At 604 through 605, a plurality of cathode current collectors are generated. At 604, a web of cathode current collector material is cut into a plurality of cathode current collectors. At 605, metallic particles are removed from each cathode current collector of the plurality of cathode current collectors by a cleaning process.
At 606 through 607, a plurality of anode current collectors are generated. At 606, a web of anode current collector material is cut into a plurality of anode current collectors. At 607, metallic particles are removed from each anode current collector of the plurality of anode current collectors by a cleaning process.
At 608 through 611, an electrode assembly is prepared. At 608, the anodically coated side of a first co-coated separator element is placed in contact with the first side of a first anode current collector. At 609, the anodically coated side of a second co-coated separator element is placed in contact with the second side, opposite the first side, of the first anode current collector.
At 610, the cathodically coated side of the second co-coated separator element is placed in contact with the first side of a first cathode current collector. At 611, the cathodically coated side of a third co-coated separator element is placed in contact with the second side, opposite the first side, of the first cathode current collector. 608 through 611 may be repeated for any suitable number of co-coated separator elements, anode current collectors, and cathode current collectors in order to build a suitably sized electrode assembly for use in a secondary battery.

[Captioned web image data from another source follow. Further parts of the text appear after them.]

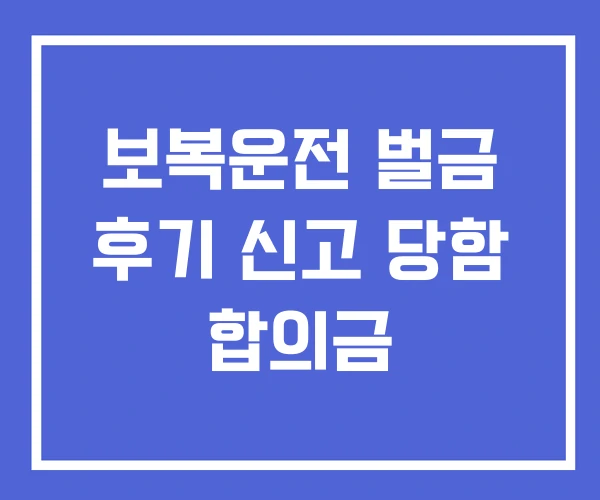 보복운전 벌금 후기 신고 당함 합의금 보복운전 벌금 후기 신고 당함 합의금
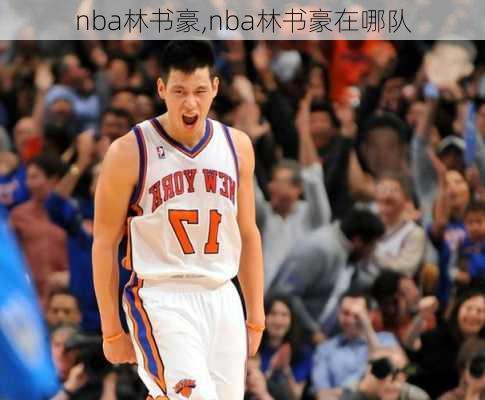 nba林书豪,nba林书豪在哪队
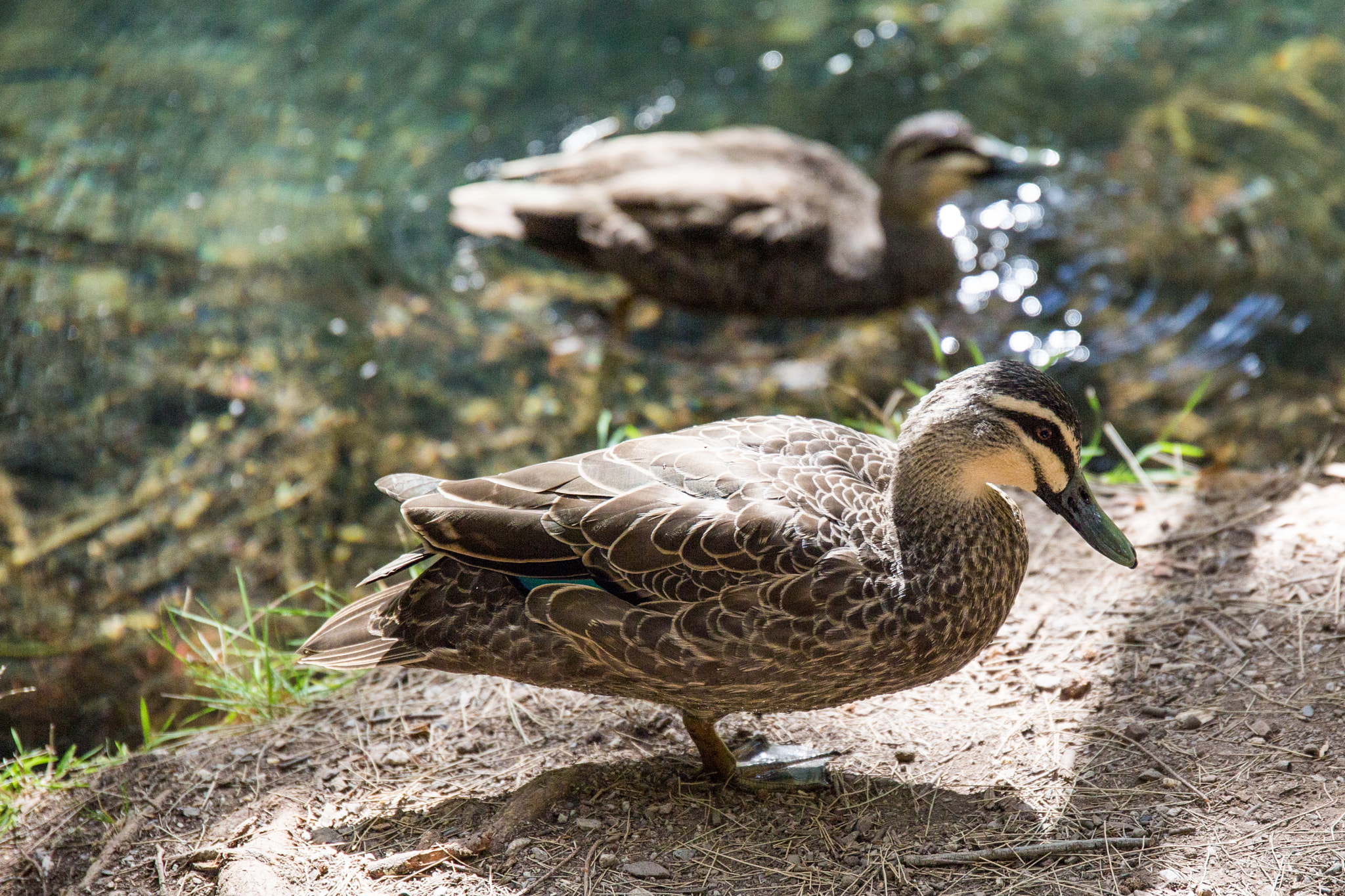 Canon EOS 6D + Canon EF 500mm F4L IS USM sample photo. Ducks at blue lake photography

In some implementations, one or more co-coated separator elements may be used within an electrode assembly, resulting in a fixed alignment between the anode and cathode. Anode current collectors and cathode current collectors may be interleaved with the co-coated separator elements to enable transfer of the current to an environment outside the electrode assembly. The co-coated separator elements may be cut from a web of co-coated separator material, the anode current collectors may be cut from a web of anode current collector material, and the cathode current collectors may be cut from a web of cathode current collector material.
The processes discussed above are intended to be illustrative and not limiting. One skilled in the art would appreciate that the steps of the processes discussed herein may be omitted, modified, combined, and/or rearranged, and any additional steps may be performed without departing from the scope of the invention. More generally, the above disclosure is meant to be exemplary and not limiting. Only the claims that follow are meant to set bounds as to what the present invention includes. Furthermore, it should be noted that the features and limitations described in any one embodiment may be applied to any other embodiment herein, and flowcharts or examples relating to one embodiment may be combined with any other embodiment in a suitable manner, done in different orders, or done in parallel. In addition, the systems and methods described herein may be performed in real time. It should also be noted that the systems and/or methods described above may be applied to, or used in accordance with, other systems and/or methods.